Currently, voters must register or update their registration 10 days before an election.
Spalding
Rodriguez also said she would like to see municipal censuses across the
state be decoupled from active voter rolls. In Massachusetts cities and
towns, registered voters who fail to respond to the municipal census
may be removed from the list of active voters.
While
this isn’t the same as being removed from the voter rolls altogether,
it means voters will have to submit a provisional ballot, with which
election officials will then confirm the voter’s eligibility to vote.
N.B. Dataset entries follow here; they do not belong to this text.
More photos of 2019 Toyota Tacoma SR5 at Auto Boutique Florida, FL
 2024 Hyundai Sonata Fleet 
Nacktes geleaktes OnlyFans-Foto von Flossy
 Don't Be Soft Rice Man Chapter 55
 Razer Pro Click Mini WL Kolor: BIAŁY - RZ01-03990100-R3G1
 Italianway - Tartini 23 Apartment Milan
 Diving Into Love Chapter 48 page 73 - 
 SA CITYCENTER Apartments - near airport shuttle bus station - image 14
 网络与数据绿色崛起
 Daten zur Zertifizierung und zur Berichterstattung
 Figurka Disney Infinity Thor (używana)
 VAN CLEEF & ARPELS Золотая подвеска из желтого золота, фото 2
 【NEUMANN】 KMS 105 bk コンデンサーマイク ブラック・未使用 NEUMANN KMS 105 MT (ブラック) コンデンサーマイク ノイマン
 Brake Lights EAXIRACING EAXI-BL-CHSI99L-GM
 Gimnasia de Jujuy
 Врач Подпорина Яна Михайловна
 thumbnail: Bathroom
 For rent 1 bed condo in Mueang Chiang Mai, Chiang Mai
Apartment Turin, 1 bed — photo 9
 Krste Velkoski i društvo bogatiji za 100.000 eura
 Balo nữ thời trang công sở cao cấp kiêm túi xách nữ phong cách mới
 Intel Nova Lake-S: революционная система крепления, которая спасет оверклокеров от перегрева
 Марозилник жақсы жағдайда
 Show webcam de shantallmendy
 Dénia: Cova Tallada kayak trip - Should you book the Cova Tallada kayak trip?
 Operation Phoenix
If
it can’t be confirmed, the ballot will be destroyed and the vote not
counted.
The Voter Table also supports legislation to increase accessibility for people with disabilities at polling places.
Spalding
Rodriguez said those state policies, along with national efforts with
the Voting Rights Act and the John Lewis Voting Rights Advancement Act,
are important to continue protections for a multiracial democracy and an
equitable future.
“Whether
or not you’re of the demographic that policies are trying to prevent
from voting, it should be a concern overall for American democracy,” she
said. “If citizens are unable to vote, that is not democracy.”